As I walk around Charles Village, I’m struck by the level of construction happening throughout the neighborhood. It seems the current major project is finally making two blocks of Saint Paul Street more safe for pedestrians — whose great idea was it to make it otherwise in the first place?
This is one of many projects slated by the city and the University in the near future. It made me think: If safely navigating the areas under construction are troublesome for me, how are our brothers and sisters in the community with physical disabilities — those in Charles Village and beyond — dealing with it? Is there any representation of this community on the appropriate boards and commissions?
Would the entire sidewalk be blocked off and require someone to endure what would normally be considered a treacherous walk on the side of the road if there was such representation? One would hope not. For someone who can walk without any assistance, it’s not as much of a problem, although it’s still unsafe. But what about for someone who requires a wheelchair or a walker? Or a parent with a child stroller, for that matter?
What is a minor bother for many of us can be an even riskier one for others. I’d like to believe that the relevant communities and organizations were consulted, so that much of this could be avoided or at least mitigated.
After scouring both the Hopkins and city websites, that doesn’t seem to be the case. In my search, I only saw one mention of the disabled community, and that was in the 2012 Development Guidebook for Baltimore City. Under the section titled “Site Plan Review,” it indicates that agencies included in the membership of the Site Plan Review Committee will include the Mayor’s Office of Disabilities. While that is commendable, it’s imperative that transparency and accountability are integral to every step of the construction process.
I’m as guilty as the next when it comes to failing to remain cognizant of the egregiously discriminatory nature of our built environment. There was a history of redlining in Baltimore in the 1930s which continues to affect neighborhoods today. There are also failing water and public utility systems (comparable to Flint, Mich. and Pacific Gas and Electric of California), as well as unreliable public transportation and collapsing roads.
I reap the privilege of not living with a disability, and I reside in a majority-white neighborhood of Baltimore, which happens to be largely segregated. While realizations like mine may be fleeting thoughts on a Monday morning as I walk to the JHMI shuttle, there are those among us who are forced to live with these interruptions in their everyday lives. Be it their daily commute or a simple Sunday stroll to the library, there remains a lack of recognition and understanding as to the real impacts of construction and development, such as those in Charles Village.
I recently vocalized these observations with a friend of mine.
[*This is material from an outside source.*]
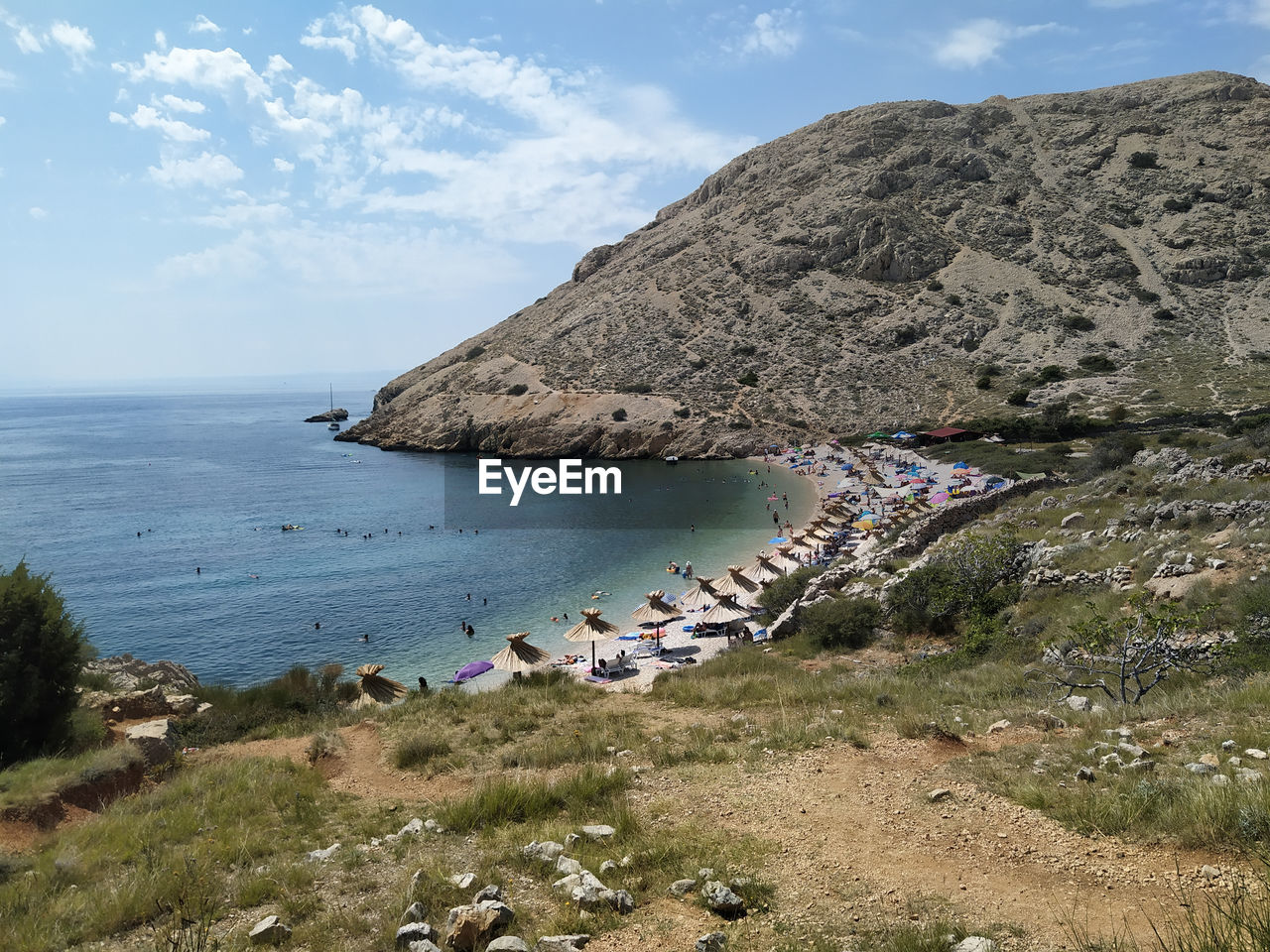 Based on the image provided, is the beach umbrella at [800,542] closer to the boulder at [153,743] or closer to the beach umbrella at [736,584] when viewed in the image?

He took a moment to think and then promptly responded, “It’s only for a few months, it can’t be that bad.” And while yes, I should probably reconsider that friendship (I promise he’s not always that terrible), it made me realize this mindset is more pervasive than I may allow myself to believe.
The inconvenience of the construction may only be temporary for me, but it should lead all of us to reflect and recognize the disruption that inequitable infrastructure imposes on the everyday lives of our friends, family and neighbors.
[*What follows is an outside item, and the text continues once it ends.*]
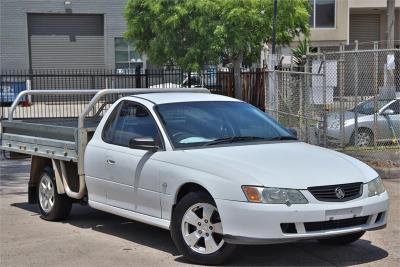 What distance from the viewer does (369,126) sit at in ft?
47.7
What remains to be seen is whether Hopkins, and the city more broadly, will center the voices of those who would otherwise not be represented in these spaces. They must consider what the true cost of development will be for our neighbors, in the interim and beyond.
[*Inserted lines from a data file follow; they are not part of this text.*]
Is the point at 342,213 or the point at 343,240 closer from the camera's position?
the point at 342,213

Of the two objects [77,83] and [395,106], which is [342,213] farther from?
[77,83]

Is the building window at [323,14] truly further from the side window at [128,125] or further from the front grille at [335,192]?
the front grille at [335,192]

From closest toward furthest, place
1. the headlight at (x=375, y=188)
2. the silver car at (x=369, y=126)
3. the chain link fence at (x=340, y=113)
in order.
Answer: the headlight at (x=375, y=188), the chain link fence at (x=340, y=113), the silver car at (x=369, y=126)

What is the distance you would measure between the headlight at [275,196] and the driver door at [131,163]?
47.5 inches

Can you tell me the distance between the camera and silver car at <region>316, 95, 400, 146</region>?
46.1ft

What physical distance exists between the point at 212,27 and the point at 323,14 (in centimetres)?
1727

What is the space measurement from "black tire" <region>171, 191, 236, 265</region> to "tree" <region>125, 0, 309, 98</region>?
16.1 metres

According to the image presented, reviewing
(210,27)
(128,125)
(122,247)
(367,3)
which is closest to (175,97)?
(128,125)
The disabled community is far from the only one affected in all of this construction and development — there are also the growing levels of gentrification in the city, failing roads and crumbling buildings. Yet those who reap the major benefits of this growth and development are not the ones who need it (let alone deserve it). The ones who need it are often victim to it.
Tyler Adamson is a graduate student at the Bloomberg School of Public Health from Vancouver, Washington.